The [Non-]Functional [Pancreas] Resume

If you've been keeping up with some of my posts, if you follow my more random tweets on Twitter, or if you're my personal friend on Facebook, you probably know that I have been unfortunately having some issues at work. I am trying my best to look for opportunities and move on to something I am more passionate about. This isn't to say that my current job is doomed, but I feel it doesn't hurt to start looking around just in case things are headed way far south.  I do realize that the last time I was job-hunting, it took about six months to find what I've got now.

Yet the last time I was job-shopping, I was not considering something that most people would see as a "career change". If you check my resume, I appear to be an administrative assistant with creative leanings. I would much prefer to be seen as an entry-level creative, or a creative assistant with helpful administrative skills; however, since 2004, with the exception of one job, my work has been less than creative in nature.
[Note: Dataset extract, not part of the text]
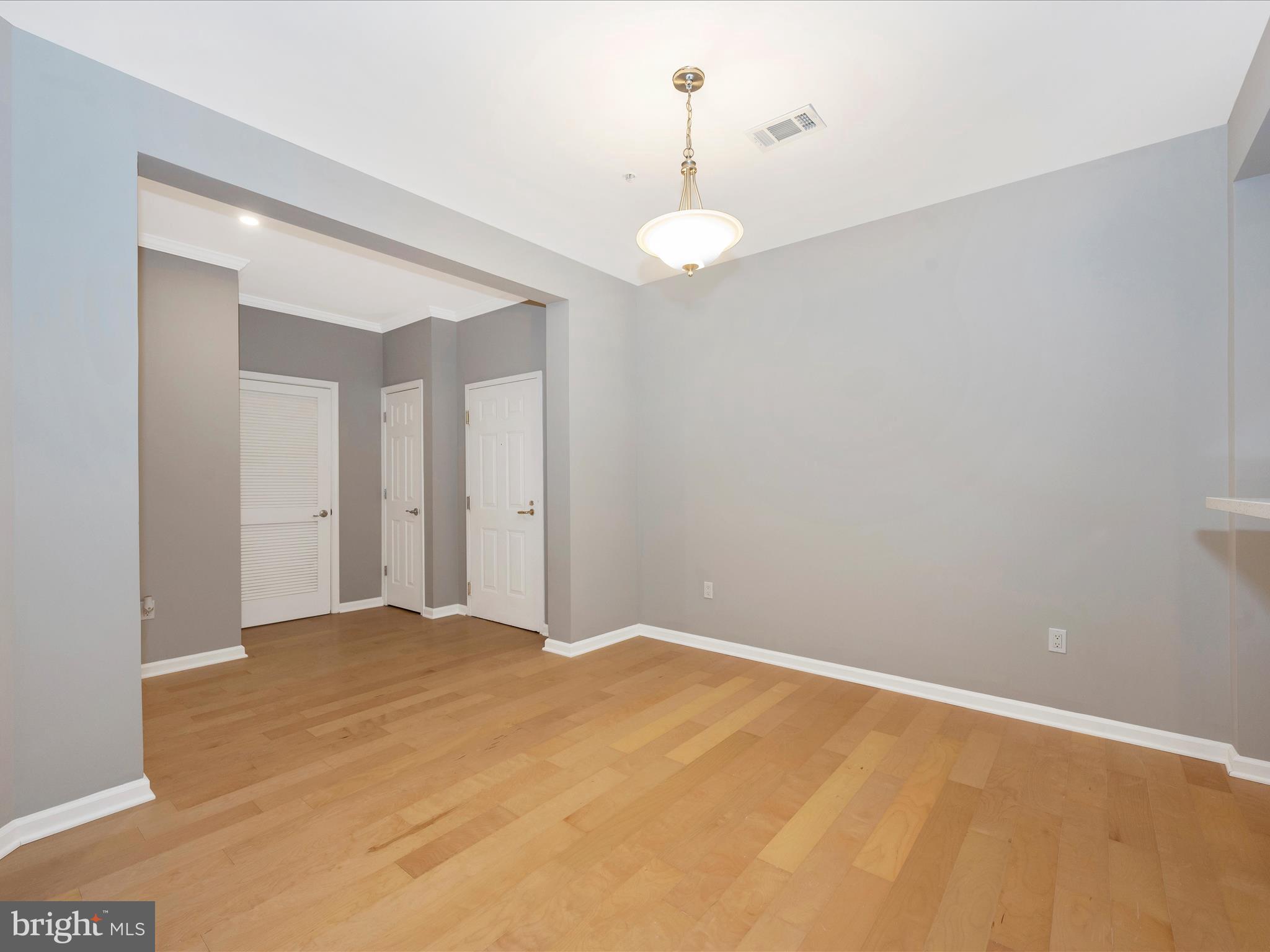 LAKELANDS RIDGE - Residential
In preparation for attempting a change in my career focus, I've been reading up on a lot of things--how to write cover letters, whether to consider internships, where networking opportunities might lie. I've been trying to write more, and in more place. I've been signing up for freelance writing job lists, trying to gather some clips. My degree is in Communications. I even ordered a copy of my transcript from my college to see if I could gauge where some of my real strengths lie!

(For the nosy:
Public Relations = B-
Organizational Communications = B
Reporting & Newswriting = B
Math for Liberal Studies = C- can see what I'm getting at here.)

Yet, I stumbled on one thing today which made me scratch my head in curiosity. Something I've never considered before. The Functional Resume. The idea is that you make lists of your transferable skills and/or your essential job functions, whatever you'd like to call them, and let your actual experiences speak for themselves, rather than letting the job titles and times you were employed speak for you. I am considering doing this for myself.
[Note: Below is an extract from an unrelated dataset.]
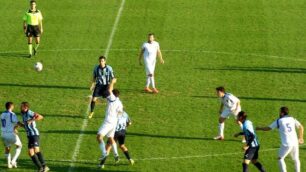 Calcio, Seregno-lecco: una fase confusa a metà campo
Regardless of the type of resume I choose for myself, I am wondering this: is it wise to include my blogging experience? I mean, a lot of media/marketing/PR-type jobs these days want to know about your social media experience. I'm not sure if I can brag about my 86 Facebook fans or my 337 Twitter followers--God forbid a potential employer be turned off by my oh-so-geeky status updates or my occasionally profanity-laden tweets--but I think it's important for people to know that I'm using these things.
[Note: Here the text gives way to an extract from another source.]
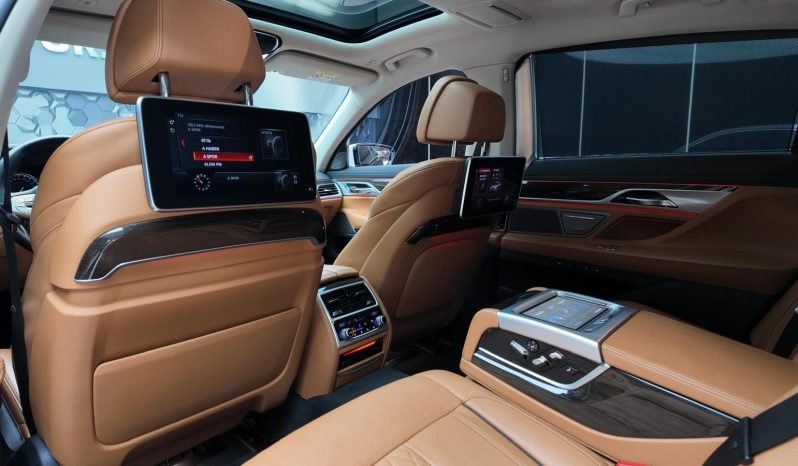 
								BMW 7.30İ LONG PURE EXCELLENCE full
I guess it wouldn't be so bad if I were just an everyday blogger. Somebody writing about their life as an entertaining memoir or writing about nerdy pop-culture or talking about food. Sometimes, I am that blogger, but this blog was founded around living with diabetes. Some people will not even mention diabetes until after they've landed a job. I am thinking the functional resume could be my answer. I do not have to specifically show that the blog I author revolves around diabetes--a potential suitor, er, employer would only need to know that I'm a blogger with a pretty decent following who is into social media platforms. Ta-da! Maybe!

I don't like feeling like I'm lying to potential employers. If I just list "Author--Blog Name Withheld" or something, they are either going to think (a) that's the blog's title, which is dishonest, or (b) I am writing a dirty, kinky, NSFW sex blog.

I am thinking a functional resume could be the answer to my diabetes blog disclosure problem.

How will this all work out? I will hopefully be able to tell you for sure in less than six months. We'll see.